Bring some water to a boil, remove it from the fire, and soak the almonds for 5 minutes. Pat them dry and rub the skins away, then grind them by running them through a meat grinder three times, then a food mill once, sprinkling them with a little water to keep them from giving off their oil (you can also use a blender, using short bursts. You don't want to turn them into an oily paste or liquefy them).

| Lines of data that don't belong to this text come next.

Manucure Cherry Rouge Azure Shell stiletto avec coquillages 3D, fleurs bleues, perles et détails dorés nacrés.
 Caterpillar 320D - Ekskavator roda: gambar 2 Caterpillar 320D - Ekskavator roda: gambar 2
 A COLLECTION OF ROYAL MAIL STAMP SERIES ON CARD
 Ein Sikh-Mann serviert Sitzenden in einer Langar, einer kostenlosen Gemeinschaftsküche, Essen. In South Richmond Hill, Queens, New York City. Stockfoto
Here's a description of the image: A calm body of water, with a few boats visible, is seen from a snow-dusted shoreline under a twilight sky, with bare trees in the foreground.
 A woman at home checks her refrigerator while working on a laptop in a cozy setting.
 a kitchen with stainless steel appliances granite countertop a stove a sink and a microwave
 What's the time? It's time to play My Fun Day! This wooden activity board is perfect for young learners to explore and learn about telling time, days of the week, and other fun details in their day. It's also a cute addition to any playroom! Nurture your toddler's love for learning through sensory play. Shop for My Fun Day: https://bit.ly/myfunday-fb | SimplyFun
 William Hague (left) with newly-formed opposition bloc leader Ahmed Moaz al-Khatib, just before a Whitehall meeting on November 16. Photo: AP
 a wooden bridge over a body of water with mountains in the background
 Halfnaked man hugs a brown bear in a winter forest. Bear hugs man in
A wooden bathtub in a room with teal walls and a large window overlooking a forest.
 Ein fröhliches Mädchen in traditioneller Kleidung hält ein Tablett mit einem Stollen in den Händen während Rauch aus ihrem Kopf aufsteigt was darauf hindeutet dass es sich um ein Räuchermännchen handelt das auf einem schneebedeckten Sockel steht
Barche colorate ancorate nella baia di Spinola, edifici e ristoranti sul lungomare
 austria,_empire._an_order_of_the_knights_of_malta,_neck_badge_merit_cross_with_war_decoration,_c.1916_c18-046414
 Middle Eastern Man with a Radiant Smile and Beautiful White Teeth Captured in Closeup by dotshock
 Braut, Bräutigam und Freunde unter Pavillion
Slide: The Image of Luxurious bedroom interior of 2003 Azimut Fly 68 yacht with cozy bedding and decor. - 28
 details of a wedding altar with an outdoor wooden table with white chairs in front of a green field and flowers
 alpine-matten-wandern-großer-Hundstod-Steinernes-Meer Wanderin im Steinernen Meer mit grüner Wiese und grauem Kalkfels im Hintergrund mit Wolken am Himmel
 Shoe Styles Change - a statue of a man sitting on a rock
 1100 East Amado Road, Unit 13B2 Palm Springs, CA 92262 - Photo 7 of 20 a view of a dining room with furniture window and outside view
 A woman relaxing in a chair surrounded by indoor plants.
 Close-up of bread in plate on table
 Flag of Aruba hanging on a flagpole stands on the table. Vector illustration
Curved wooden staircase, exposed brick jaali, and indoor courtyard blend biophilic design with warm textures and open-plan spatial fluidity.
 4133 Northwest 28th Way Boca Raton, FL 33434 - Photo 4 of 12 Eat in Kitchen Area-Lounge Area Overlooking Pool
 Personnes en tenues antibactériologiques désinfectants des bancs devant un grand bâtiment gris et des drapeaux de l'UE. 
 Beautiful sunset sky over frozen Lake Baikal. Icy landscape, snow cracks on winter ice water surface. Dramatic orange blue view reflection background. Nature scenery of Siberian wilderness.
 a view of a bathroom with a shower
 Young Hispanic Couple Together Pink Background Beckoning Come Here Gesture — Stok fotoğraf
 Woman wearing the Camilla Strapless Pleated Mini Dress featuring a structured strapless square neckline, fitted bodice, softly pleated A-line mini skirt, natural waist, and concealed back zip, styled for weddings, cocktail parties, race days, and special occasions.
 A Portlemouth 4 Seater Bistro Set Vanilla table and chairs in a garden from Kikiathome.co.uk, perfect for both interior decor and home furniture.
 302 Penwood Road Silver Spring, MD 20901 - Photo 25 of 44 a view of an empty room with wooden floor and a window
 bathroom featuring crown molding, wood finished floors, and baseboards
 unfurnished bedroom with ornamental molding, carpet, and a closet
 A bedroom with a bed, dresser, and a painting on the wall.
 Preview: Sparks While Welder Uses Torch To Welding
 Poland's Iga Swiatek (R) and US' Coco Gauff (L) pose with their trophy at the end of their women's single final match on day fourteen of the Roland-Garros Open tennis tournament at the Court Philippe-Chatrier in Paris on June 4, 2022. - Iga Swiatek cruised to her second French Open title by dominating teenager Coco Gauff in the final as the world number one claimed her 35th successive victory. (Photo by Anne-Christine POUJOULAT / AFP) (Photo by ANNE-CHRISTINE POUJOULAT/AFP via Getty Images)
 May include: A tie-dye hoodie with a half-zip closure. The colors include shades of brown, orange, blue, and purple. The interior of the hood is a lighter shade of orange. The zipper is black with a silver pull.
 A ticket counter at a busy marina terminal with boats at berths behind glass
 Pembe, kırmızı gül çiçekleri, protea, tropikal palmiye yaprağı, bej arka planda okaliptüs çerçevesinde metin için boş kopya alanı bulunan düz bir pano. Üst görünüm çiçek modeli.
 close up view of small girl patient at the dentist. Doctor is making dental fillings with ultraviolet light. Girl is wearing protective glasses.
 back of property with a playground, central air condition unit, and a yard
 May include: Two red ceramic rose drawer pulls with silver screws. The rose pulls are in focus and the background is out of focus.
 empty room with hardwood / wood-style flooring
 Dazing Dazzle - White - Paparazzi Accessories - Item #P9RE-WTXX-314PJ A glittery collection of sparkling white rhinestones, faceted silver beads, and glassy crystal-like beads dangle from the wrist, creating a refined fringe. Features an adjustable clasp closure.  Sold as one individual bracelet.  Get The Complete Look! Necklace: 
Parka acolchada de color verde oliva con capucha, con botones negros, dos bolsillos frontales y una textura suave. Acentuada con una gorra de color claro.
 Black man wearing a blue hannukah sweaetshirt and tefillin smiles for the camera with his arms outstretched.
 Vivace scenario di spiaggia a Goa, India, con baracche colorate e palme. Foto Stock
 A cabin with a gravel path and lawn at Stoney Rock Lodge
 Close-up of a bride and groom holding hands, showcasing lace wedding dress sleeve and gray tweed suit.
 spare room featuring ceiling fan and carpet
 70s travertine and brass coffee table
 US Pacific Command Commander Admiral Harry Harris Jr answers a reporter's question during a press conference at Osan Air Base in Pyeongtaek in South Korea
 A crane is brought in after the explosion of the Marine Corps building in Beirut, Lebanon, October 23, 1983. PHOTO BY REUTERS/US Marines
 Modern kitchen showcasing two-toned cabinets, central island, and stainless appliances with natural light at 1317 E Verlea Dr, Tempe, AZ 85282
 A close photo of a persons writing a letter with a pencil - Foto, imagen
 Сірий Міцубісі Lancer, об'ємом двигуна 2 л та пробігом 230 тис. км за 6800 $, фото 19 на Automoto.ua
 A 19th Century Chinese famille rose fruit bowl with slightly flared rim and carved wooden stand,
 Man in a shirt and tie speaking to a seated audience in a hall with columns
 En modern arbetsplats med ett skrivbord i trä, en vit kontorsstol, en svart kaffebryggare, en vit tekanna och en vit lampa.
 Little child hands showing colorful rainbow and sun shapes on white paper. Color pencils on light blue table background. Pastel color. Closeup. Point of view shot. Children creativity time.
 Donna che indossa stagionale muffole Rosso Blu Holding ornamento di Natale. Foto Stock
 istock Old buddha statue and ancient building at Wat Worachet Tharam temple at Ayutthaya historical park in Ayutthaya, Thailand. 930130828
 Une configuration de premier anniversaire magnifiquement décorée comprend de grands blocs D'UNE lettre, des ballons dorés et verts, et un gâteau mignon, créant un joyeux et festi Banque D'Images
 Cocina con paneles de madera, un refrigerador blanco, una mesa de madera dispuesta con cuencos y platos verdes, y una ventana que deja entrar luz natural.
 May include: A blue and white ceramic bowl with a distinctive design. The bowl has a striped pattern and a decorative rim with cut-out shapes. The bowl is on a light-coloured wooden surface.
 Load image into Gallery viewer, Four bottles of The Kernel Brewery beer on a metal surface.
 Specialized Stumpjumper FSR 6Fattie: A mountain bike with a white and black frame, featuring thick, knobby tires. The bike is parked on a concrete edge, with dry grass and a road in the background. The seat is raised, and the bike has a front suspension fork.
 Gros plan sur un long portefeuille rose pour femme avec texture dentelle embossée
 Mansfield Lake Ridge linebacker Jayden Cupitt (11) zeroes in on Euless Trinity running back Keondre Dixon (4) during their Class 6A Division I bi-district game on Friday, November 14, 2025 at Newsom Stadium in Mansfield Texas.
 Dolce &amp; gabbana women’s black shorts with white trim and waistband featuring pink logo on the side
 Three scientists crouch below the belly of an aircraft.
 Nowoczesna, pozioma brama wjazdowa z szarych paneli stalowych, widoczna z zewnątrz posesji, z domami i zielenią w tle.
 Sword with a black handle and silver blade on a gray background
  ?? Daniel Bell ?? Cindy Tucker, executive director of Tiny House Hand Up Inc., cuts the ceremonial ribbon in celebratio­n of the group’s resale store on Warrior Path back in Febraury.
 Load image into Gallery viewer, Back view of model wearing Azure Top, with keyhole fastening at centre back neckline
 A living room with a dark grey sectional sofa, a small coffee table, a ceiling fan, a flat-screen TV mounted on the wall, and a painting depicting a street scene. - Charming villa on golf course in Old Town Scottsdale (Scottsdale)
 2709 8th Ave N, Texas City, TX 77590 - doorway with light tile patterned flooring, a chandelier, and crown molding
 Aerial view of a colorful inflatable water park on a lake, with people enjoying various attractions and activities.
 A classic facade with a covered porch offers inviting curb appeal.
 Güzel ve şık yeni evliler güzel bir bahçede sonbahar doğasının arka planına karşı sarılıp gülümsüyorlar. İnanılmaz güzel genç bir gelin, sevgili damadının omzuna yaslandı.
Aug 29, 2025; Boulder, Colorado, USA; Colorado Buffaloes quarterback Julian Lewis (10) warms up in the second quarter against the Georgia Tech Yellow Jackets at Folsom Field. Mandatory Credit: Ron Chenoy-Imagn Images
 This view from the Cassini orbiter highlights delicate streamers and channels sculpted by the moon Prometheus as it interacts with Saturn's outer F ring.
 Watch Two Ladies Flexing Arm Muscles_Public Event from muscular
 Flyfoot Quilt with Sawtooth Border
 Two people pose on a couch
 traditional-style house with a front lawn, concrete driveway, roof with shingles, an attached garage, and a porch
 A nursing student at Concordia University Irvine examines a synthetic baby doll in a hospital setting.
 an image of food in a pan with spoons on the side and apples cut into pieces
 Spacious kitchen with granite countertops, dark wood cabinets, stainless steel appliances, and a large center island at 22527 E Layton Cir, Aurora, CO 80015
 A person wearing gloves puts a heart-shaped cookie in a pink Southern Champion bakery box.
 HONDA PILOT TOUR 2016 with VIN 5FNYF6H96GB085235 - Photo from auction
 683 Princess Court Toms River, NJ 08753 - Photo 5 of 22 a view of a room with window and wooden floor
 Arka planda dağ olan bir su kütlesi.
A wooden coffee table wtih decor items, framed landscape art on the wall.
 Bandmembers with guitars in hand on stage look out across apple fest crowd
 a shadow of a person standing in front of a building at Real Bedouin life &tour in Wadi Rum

Combine the 2 fingers of water and the sugar in a pot (if it's round-bottomed, so much the better) and heat, stirring gently, until a drop of syrup poured from the spoon onto a plate does not spread out, and when crushed between thumb and forefinger forms fine threads when you separate your fingers. Add the almonds and cinnamon, and cook over a very low flame, stirring constantly, for 10 minutes. Remove the mixture from the fire and let it cool, stirring frequently. When it is almost cold, spread the it in a half-inch thick layer over the wafers, smoothing the top and sides with the blade of a knife. Depending upon the shape of your wafers you will end up with either diamond or round shaped cookies; they should be about 2 inches across at the most.

Let the cookies set for 24 hours, then trim away the excess wafer.

Prepare the icing by boiling the syrup to the stage described above. Test frequently because if you cook too long the syrup will be too hard. Once it reaches the proper degree of doneness pour the syrup into a bowl and whip it until it is white and fluffy (this takes patience). Spread the frosting over the cookies, dot each with a candied almond, and let dry.

These will keep for several days, though you can expect them to vanish first.